L’Assemblea pugliese ha fatto propria la proposta della Confederazione Italiana Agricoltori della Puglia che ha chiesto che vengano riconosciute le giuste rivendicazioni dei cerealicoltori pugliesi, in considerazione del tracollo dei prezzi che ha aumentato a dismisura l’ampio divario già esistente tra costo del frumento e prezzo del pane e della pasta, e del fatto che i produttori di grano continuano ad essere oggetto di un’azione di speculazione che non ha precedenti (con il grano duro pagato a 18 euro al quintale, al di sotto dei costi produttivi).

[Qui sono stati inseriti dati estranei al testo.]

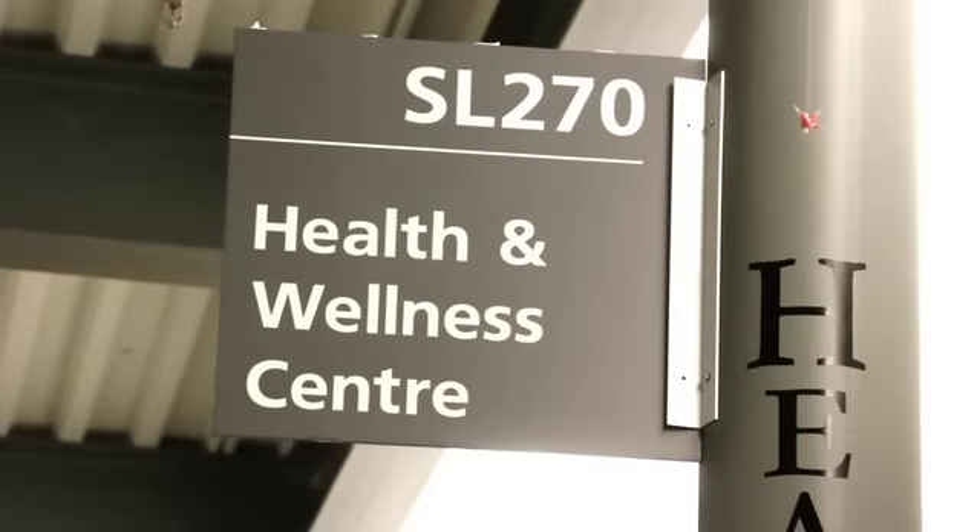The Health and Wellness Centre, located in room SL270 in the Student Centre, offers medical, nursing, counselling, as well as educational services to all University of Toronto students.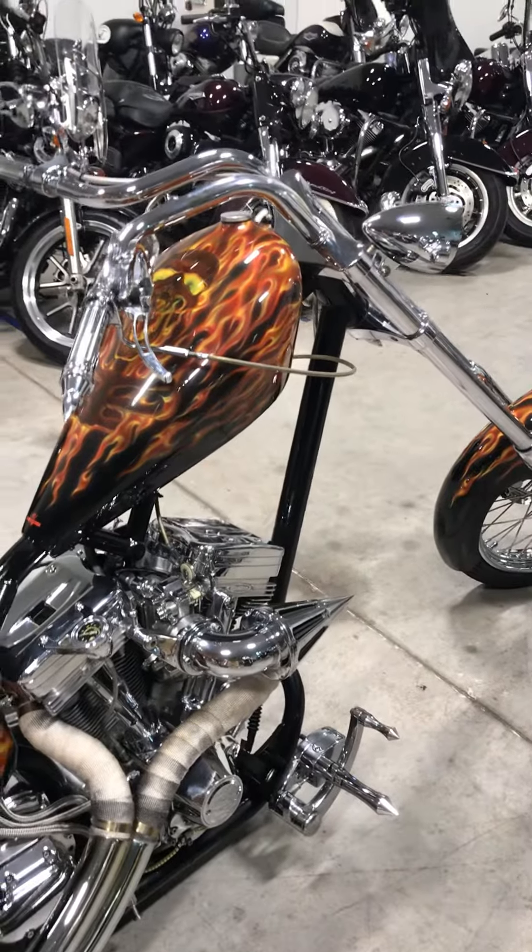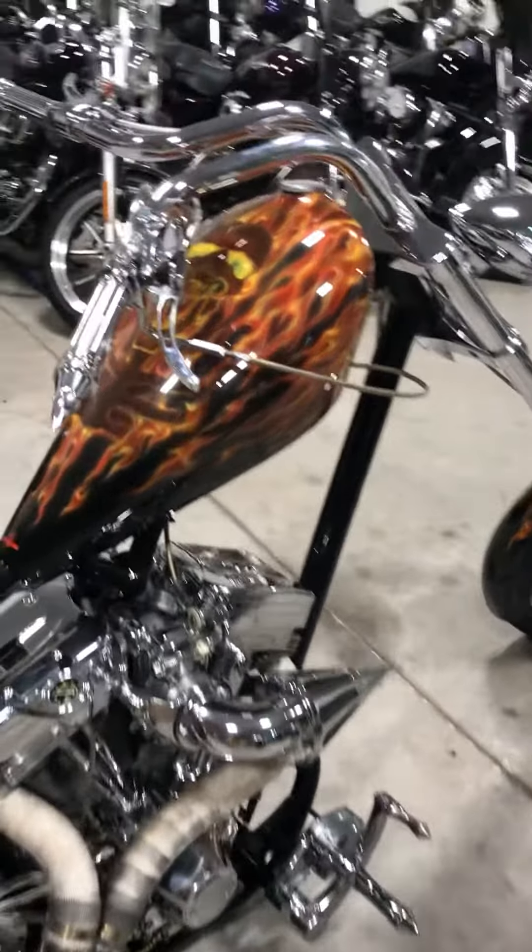Somebody's going to get this fine motorcycle. Let's hear how she sounds.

Pertanto il Consiglio regionale ha chiesto al presidente della Giunta regionale di attivarsi presso il Governo nazionale per “impegnarsi in Europa affinché la PAC nella fase di revisione possa incentivare strumenti come i fondi mutualistici per la stabilizzazione del reddito; velocizzare l’attuazione delle misure annunciate nel piano cerealicolo nazionale con provvedimenti mirati che possano andare incontro alle esigenze degli agricoltori; incentivare accordi e contratti di filiera capaci di garantire una più equa ridistribuzione del valore; prevedere una campagna di promozione e valorizzazione della pasta italiana nel mondo che trova oggi una concorrenza impensabile fino a soli pochi anni fa; perseguire la massima trasparenza delle borse merci con un ruolo maggiore dei rappresentanti degli agricoltori; ed infine verificare che i centri di stoccaggio autorizzati siano destinati principalmente per le produzioni locali, considerato che con la campagna di raccolta 2016 non è stato possibile stoccare la produzione locale in quanto le strutture erano già colme di grano estero”.